One group of researchers tried to predict the response of glaucoma therapy in one eye based upon the response in the fellow eye and found that the change in IOP in one eye did not accurately predict the therapeutic response in the fellow eye.6

Another research team also examined the therapeutic response of fellow eyes in monocular trials to determine if the IOP reduction observed in the first eye correlated with that seen in the fellow eye. Similarly, they found that if a medication yielded a significant IOP-reducing effect in one eye, the fellow did not necessarily exhibit a similar response.7

To reduce the confounding factor of systemic absorption and crossover effects, the researchers also performed a sub-analysis on patients using latanoprost––which has little, if any, contralateral IOP effect due to rapid systemic metabolism––and still found a poor prediction in IOP effects between the two eyes.7

What Do We Do?
The aforementioned assumptions upon which monocular trials are based are largely unsupported. In fact, IOP variability in fellow eyes is asymmetric, and the diurnal IOP variation is inconstant. Further, therapeutic response in one eye is not indicative of the effect in the other eye.

For these reasons, perhaps we should consider abandoning the monocular trial altogether. We simply cannot be confident that a fellow eye can serve as a control.

By using monocular trials, we could erroneously determine that a patient is a non-responder when, in fact, the opposite is true. Additionally, if you performed monocular trials often and always treated the eye with the higher IOP first, you could incorrectly assume that a medication worked better than it really did simply by observing regression to the mean (extreme values tend to be less significant upon reassessment).

Monocular trials seem to provide little useful information and potentially could delay therapeutic glaucoma treatment. Long-term IOP control cannot be determined simply by comparing a single pre-treatment IOP with a single post-treatment IOP response in one eye.

Preferentially, when initiating glaucoma therapy for a patient, if both eyes need medication, start with bilateral treatment. Examine the IOP range over several visits prior to treatment, and then look at the IOP trend following treatment over a period of time. That is likely the only way to truly understand the efficacy of long-term IOP control in both eyes.

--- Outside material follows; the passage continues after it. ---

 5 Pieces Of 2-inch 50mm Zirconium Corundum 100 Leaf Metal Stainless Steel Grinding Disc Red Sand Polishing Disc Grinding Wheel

1. Shields MB. Textbook of Glaucoma. 4th ed. Baltimore: Williams & Wilkins; 1998.
2. Realini T, Barber L, Burton D. Frequency of asymmetric intraocular pressure fluctuations among patients with and without glaucoma. Ophthalmology. 2002 Jul;109(7):1367-71.
3. Dinn RB, Zimmerman MB, Shuba LM, et al. Concordance of diurnal intraocular pressure between fellow eyes in primary open-angle glaucoma. Ophthalmology. 2007 May;114(5):915-20.
4. Realini T, Weinreb RN, Wisniewski S. Short-term repeatability of diurnal intraocular pressure patterns in glaucomatous individuals. Ophthalmology. 2011 Jan;118(1):47-51.
5. Realini T, Weinreb RN, Wisniewski SR. Diurnal intraocular pressure patterns are not repeatable in the short term in healthy individuals. Ophthalmology. 2010 Sep;117(9):1700-4.
6. Chaudhary O, Adelman RA, Shields MB. Predicting response to glaucoma therapy in one eye based on response in the fellow eye: the monocular trial. Arch Ophthalmol. 2008 Sep;126(9):1216-20.
7. Realini T, Fechtner RD, Atreides SP, Gollance S. The uniocular drug trial and second-eye response to glaucoma medications. Ophthalmology. 2004 Mar;111(3):421-6.